The tool_choice="auto" failure on Qwen3-Next isn't a parser issue — the model reasons inside <think>, decides, and never emits the tool call. No error, just empty tool_calls. The fix was swapping the backbone from Thinking to Instruct, not tuning any parser flag.
The "load the bigger model first, size the smaller against actual residency" playbook generalizes to anything with shared CUDA framework overhead. The ~5 GiB framework floor shows up even at small gpu_memory_utilization values — plan against actuals, not targets.
```
(...) - Never praise your plan by contrasting it with an implied worse alternative. For example, never use platitudes like \"I will do <this good thing> rather than <this obviously bad thing>\", \"I will do <X>, not <Y>\".
- Never talk about goblins, gremlins, raccoons, trolls, ogres, pigeons, or other animals or creatures unless it is absolutely and unambiguously relevant to the user's query. (...)
```
It seems the OpenAI people added that first bullet to specifically address the tendency the model has, as seen in the parent comment. The goblin stuff coincidentally appears right after in the system prompt, so in included it as a bonus.

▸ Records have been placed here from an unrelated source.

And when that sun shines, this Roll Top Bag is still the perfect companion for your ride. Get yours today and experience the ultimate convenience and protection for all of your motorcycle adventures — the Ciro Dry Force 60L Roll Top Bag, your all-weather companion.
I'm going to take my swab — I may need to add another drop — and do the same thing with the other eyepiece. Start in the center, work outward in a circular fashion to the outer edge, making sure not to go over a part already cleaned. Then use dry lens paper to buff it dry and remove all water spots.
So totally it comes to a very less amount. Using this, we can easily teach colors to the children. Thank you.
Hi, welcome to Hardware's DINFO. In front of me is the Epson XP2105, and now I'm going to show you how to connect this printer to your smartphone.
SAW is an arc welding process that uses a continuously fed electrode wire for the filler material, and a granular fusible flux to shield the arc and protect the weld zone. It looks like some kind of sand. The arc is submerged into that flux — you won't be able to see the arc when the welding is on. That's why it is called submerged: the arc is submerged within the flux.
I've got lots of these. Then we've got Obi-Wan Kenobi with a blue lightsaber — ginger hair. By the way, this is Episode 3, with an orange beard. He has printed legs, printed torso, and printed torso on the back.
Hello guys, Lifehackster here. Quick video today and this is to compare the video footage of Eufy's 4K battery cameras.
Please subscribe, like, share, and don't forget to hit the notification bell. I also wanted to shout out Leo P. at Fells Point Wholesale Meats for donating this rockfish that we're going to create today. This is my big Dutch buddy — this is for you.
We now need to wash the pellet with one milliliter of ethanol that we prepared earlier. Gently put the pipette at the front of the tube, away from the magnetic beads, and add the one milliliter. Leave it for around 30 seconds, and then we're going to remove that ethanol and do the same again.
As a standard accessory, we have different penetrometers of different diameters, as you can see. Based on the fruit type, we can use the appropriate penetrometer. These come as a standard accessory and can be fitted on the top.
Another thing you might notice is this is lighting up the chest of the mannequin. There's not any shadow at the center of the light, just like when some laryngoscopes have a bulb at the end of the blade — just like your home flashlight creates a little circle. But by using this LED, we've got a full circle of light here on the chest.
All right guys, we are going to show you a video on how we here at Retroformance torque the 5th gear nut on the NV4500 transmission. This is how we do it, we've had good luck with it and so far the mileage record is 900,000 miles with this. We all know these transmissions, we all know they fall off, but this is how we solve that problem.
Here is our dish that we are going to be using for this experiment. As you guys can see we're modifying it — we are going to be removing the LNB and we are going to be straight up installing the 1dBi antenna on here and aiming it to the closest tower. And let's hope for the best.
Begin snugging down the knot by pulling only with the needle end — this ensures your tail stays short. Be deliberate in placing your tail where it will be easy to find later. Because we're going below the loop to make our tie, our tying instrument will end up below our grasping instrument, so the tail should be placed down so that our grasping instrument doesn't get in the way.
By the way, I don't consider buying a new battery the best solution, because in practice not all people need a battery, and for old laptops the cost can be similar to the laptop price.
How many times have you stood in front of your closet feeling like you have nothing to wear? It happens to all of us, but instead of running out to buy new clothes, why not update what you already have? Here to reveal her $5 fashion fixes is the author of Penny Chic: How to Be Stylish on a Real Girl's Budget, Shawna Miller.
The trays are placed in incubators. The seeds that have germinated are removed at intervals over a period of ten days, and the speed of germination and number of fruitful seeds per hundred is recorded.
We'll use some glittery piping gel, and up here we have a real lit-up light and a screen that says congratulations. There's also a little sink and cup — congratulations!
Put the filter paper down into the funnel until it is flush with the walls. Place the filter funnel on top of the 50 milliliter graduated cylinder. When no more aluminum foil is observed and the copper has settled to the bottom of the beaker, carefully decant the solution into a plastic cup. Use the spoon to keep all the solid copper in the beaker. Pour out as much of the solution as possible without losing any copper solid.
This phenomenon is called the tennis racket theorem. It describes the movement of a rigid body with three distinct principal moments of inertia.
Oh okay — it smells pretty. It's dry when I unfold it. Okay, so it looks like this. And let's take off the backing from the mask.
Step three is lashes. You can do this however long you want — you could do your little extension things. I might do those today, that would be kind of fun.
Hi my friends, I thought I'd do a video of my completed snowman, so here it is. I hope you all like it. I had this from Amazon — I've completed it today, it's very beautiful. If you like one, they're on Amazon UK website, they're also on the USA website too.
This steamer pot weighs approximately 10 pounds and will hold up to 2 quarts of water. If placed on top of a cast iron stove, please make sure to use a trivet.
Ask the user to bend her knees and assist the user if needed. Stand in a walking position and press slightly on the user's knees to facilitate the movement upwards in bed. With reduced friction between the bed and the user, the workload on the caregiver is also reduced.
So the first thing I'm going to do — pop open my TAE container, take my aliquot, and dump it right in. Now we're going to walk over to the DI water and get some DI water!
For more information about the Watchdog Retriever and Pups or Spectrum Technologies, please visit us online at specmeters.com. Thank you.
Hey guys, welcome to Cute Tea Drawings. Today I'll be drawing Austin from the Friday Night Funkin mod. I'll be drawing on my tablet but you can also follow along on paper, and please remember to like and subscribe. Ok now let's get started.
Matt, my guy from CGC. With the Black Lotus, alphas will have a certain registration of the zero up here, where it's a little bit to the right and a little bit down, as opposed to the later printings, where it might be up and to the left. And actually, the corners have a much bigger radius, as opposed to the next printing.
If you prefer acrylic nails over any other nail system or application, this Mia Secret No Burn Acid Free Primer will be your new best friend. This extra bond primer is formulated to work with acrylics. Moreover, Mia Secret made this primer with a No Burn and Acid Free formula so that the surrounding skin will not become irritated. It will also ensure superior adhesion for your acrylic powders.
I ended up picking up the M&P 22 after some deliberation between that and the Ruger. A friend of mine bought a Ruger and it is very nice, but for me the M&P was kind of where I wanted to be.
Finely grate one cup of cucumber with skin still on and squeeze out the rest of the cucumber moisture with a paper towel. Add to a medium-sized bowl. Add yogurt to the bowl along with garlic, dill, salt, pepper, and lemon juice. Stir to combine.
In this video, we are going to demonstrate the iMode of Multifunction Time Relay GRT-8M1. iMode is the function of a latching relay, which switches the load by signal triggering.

Though I concede it is not that much different than straightening the tie of your most valuable employee before you unwisely put them in front of a client and saying "please don't tell them about the regressions they didn't notice and remember, they don't want things explained in allegories drawn from the Silmarillion".
This may happen once we see finetuned GLM/Kimi/DeepSeek companies enter the market. I think it's not happening yet because of the hardware supply chain issues.